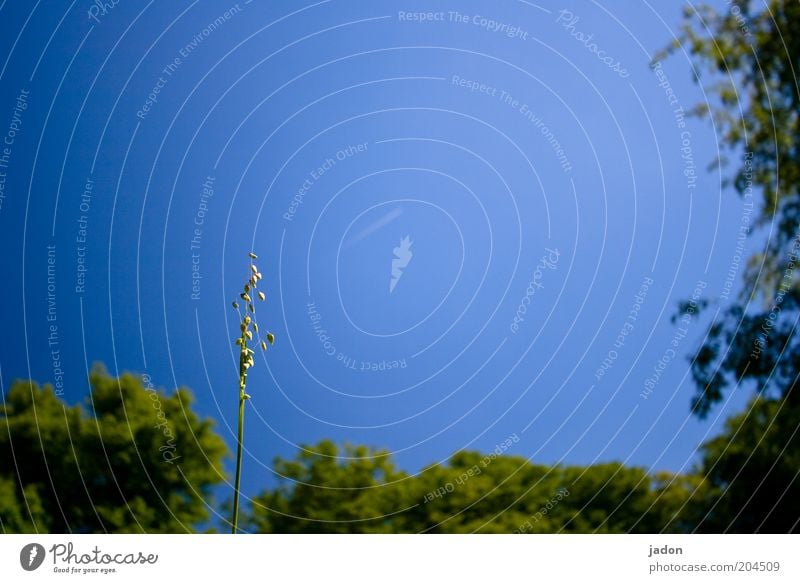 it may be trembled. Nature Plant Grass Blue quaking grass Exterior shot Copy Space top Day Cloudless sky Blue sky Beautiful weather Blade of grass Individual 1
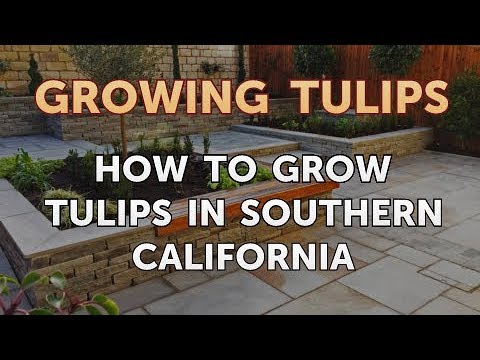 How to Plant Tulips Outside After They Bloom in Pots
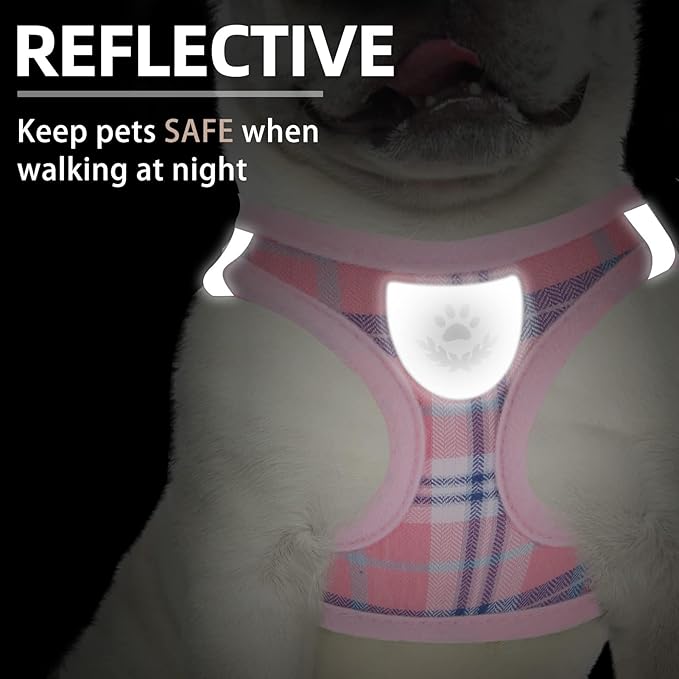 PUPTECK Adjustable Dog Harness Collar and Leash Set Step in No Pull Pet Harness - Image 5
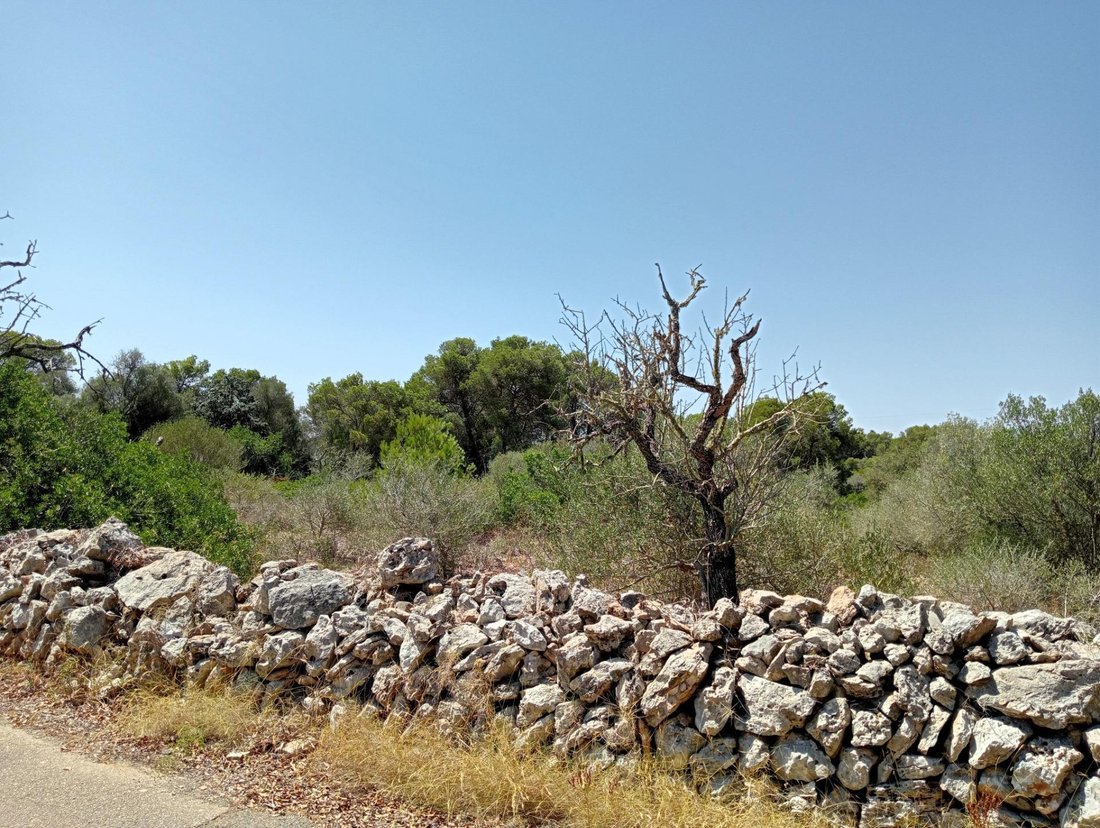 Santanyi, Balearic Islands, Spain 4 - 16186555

...

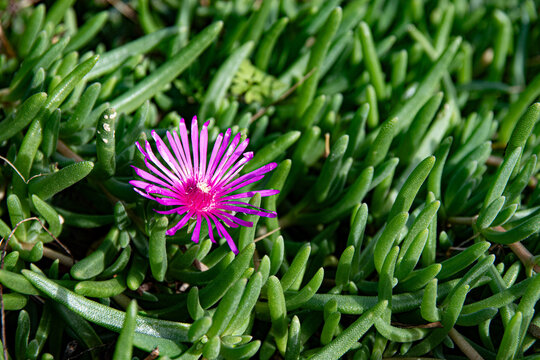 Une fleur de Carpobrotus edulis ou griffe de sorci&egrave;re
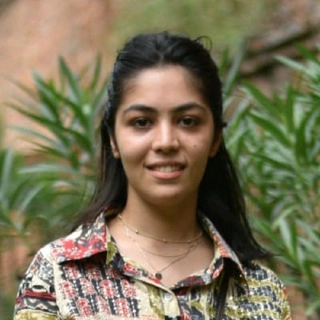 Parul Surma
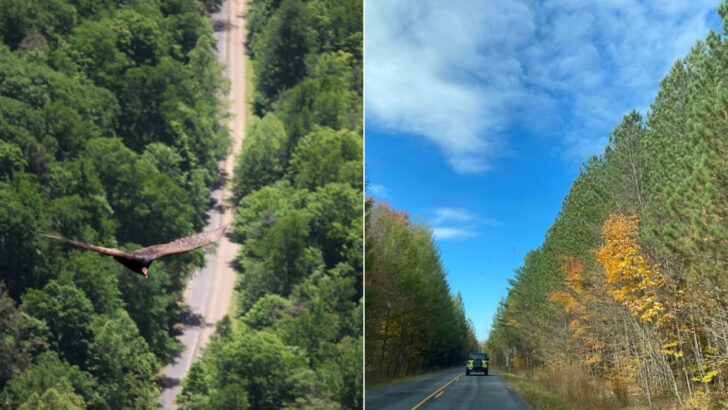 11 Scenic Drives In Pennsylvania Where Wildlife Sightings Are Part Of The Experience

■ **Task to complete**
Using the entries above, write out exactly the lines from the one with "Une fleur de" through the one with "11 Scenic Drives", ends included. Leave out any pictures.

■ **Expected output**
 Une fleur de Carpobrotus edulis ou griffe de sorci&egrave;re
 Parul Surma
 11 Scenic Drives In Pennsylvania Where Wildlife Sightings Are Part Of The Experience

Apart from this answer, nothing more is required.